Formatting: Images, fonts, page numbers, colors, lines, alignment, etc. are all available for use in a header or footer. Just know that the more lines of text you put in the header or footer, the less room you’ll have in the main body of the document.

Shortcut: Place your cursor in the top margin for a header or in the bottom margin for a footer and double click your mouse. Word will automatically open the header or footer on the page

Short Codes

Most programs have a list of short codes or shortcuts. These are functions you can access simply by pressing a combination of keys on the keyboard to save you from having to stop to use your mouse. The following list, while not comprehensive by any means, has a list of the most commonly used short codes for writers. Please note that the plus sign is not to be taken literally. In other words, you don’t need to press the plus sign. It’s just there to indicate the combination of keys to be pressed. With all of these short codes, you press the keys in the order they are given in the short code and you continue to hold each key down until each key had been depressed. So for a page break, one would press the Ctrl key first, and while holding it down, then press the Enter key.

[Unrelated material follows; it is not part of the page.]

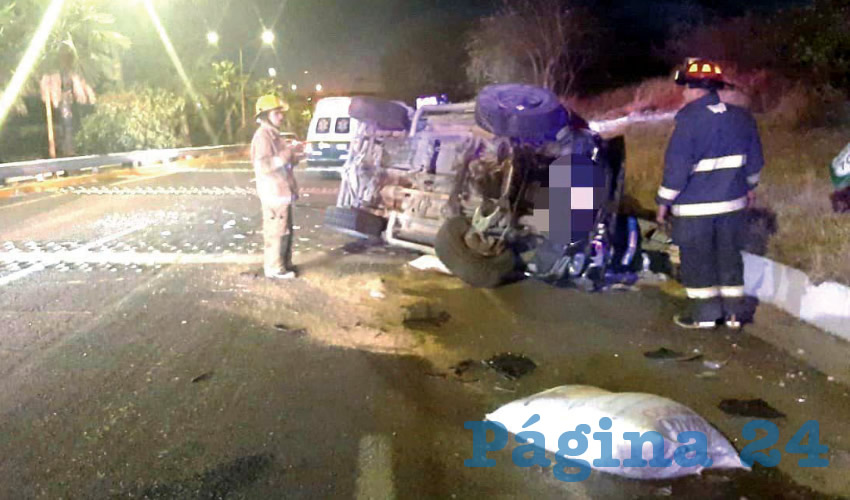 La camioneta Toyota quedó sobre su lado izquierdo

  • Page Break: Ctrl+Enter
  • Add Comment: Ctrl+Alt+M
  • Highlight: Ctrl+Alt H (Whichever color is currently selected will be the color used.)
  • Align Center: Ctrl+E
  • Align Left: Ctrl+L
  • Align Right: Ctrl+R
  • Justify: Ctrl+J
  • Select All: Ctrl+A
  • Copy: Ctrl+C
  • Paste: Ctrl+V
  • Cut: Ctrl+X
  • Undo: Ctrl+Z
  • Redo: Ctrl+Y
  • Bold: Ctrl+B
  • Italic: Ctrl+I
  • Underline: Ctrl+U
  • Find: Ctrl+F
  • Find and Replace: Ctrl+H
  • Go to: Ctrl+G
  • Grow Font: Ctrl+Shift+>
  • Decrease Font: Ctrl+Shift+<
  • Non-breaking Space: Ctrl+Shift+Space

Microsoft Word can do these things and so much more. Hopefully this short tutorial will help anyone confused about how to preform these basic elements to improve the appearance of their manuscripts and to avoid being added to the slush pile on a technicality. If there are any helpful tips I neglected to add to this article, please feel free to add them to the comments below.

Now… go write something!


Comments

  1. Thank you!

  2. Thanks for the helpful information!

  3. Helpful information! Just one thing: the Ctrl+enter isn’t called a hard return–it’s called a page break. Hard returns are the ones you get by pressing enter alone, and soft returns are shift+enter–they go to the next line without ending the paragraph.

  4. For Mac users, Helvetica = Arial. Though Helvetica is better.
    Also, the em dash is ALT + 0151. Something I’ve had to learn to use while writing in Gdocs.